* _Data excerpt_
***

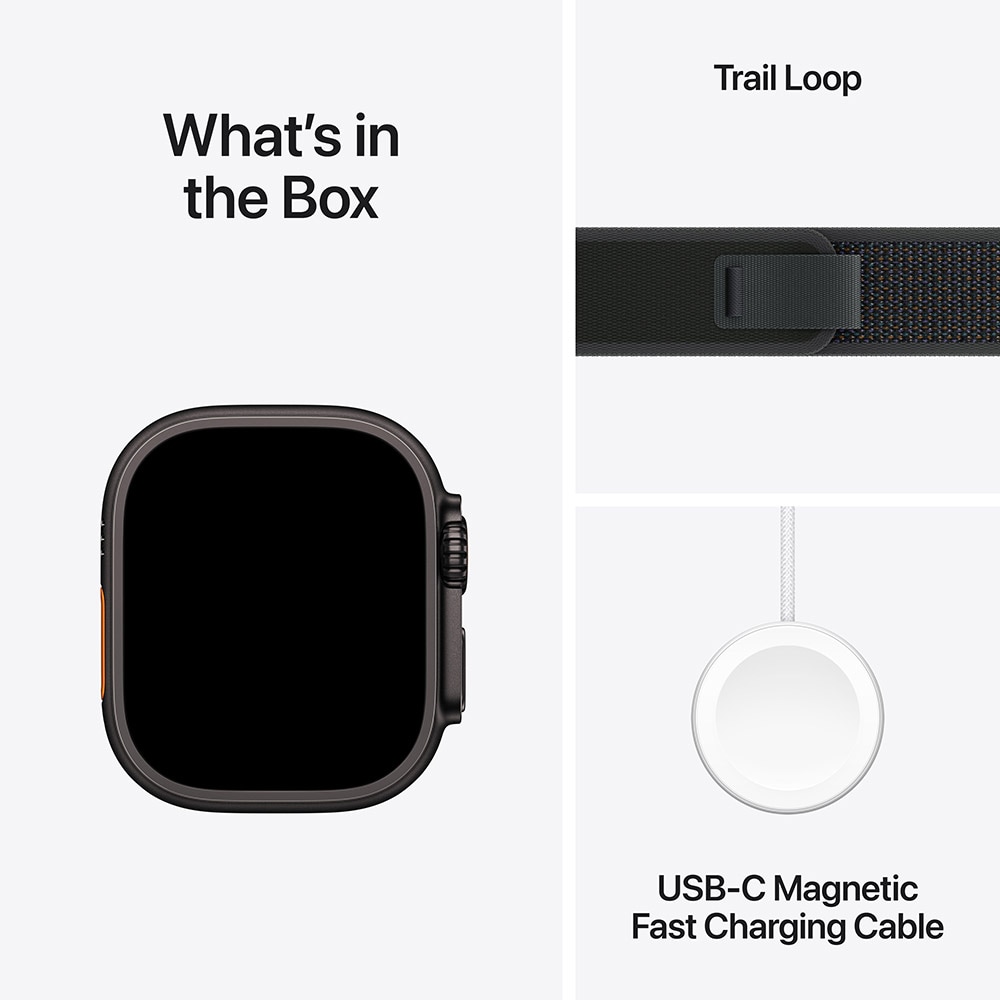 APPLE Watch Ultra 2, GPS + Cellular, 49mm Black Titanium Case, Black Trail Loop - S/M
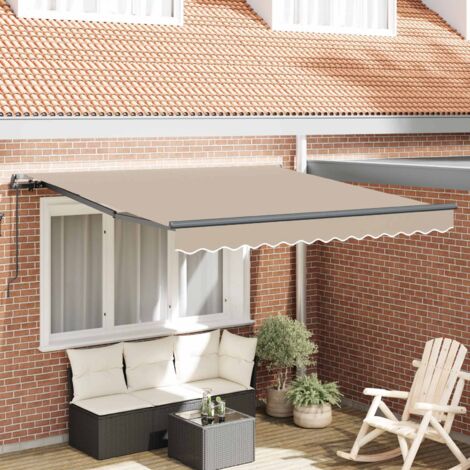 Toldo Retráctil Manual Beige 350 x 250 cm tela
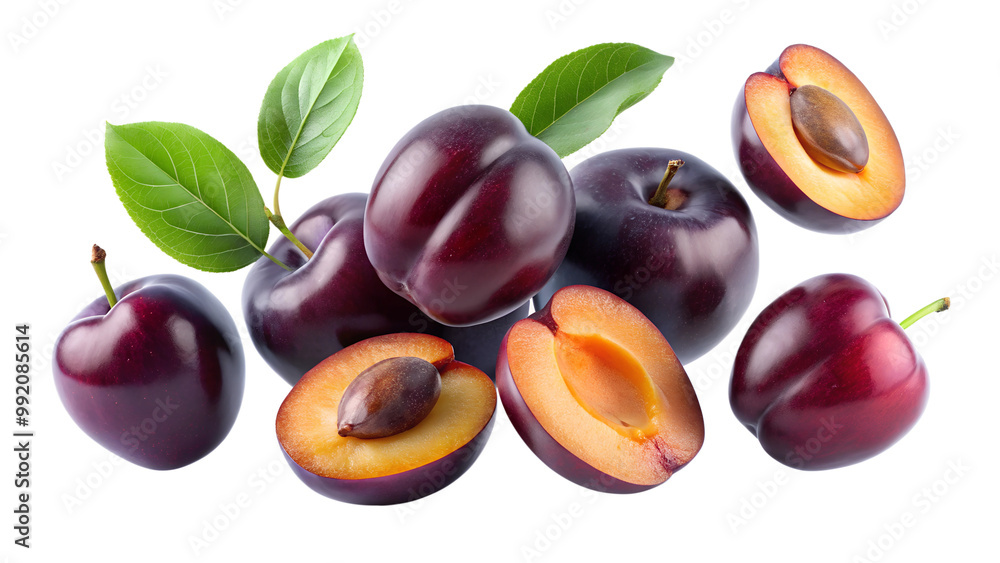 plums with leaves falling in the air isolated on transparent background png plums with leaves falling in the air isolated on transparent background png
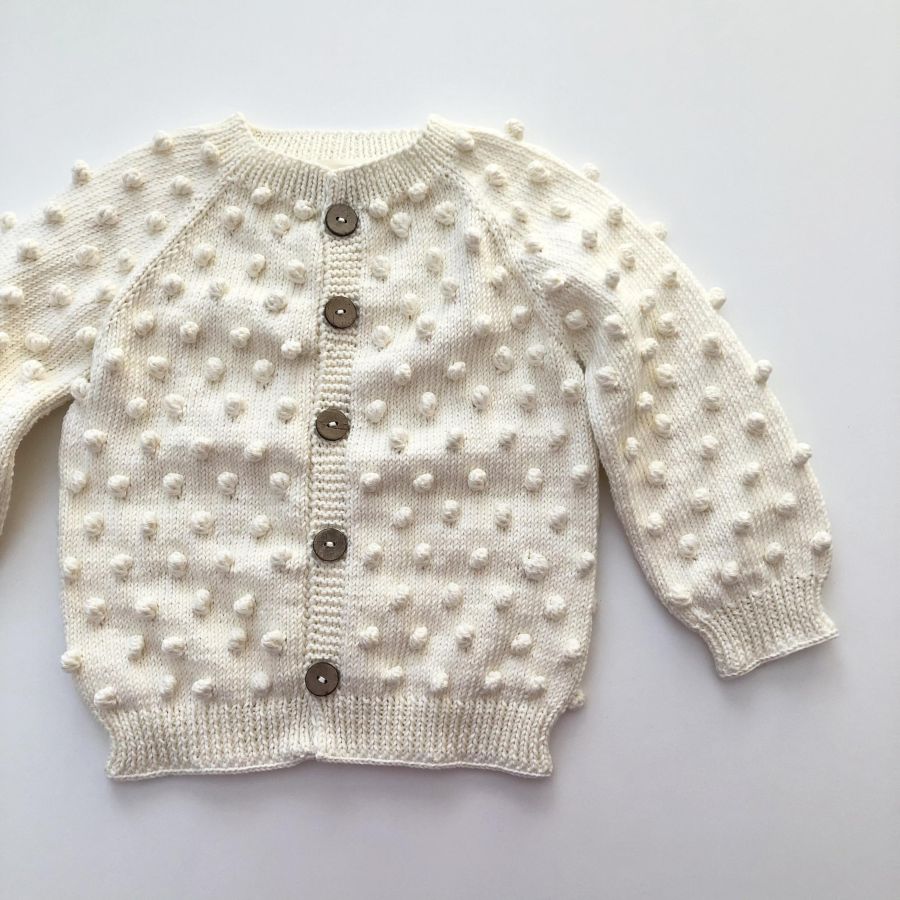 Popcorn Cardigan - snow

***

* _How to complete this task_
Before copying the data, remove the pictures. Then repeat the rest exactly.

* _Result of the task_
 APPLE Watch Ultra 2, GPS + Cellular, 49mm Black Titanium Case, Black Trail Loop - S/M
 Toldo Retráctil Manual Beige 350 x 250 cm tela
 plums with leaves falling in the air isolated on transparent background png plums with leaves falling in the air isolated on transparent background png
 Popcorn Cardigan - snow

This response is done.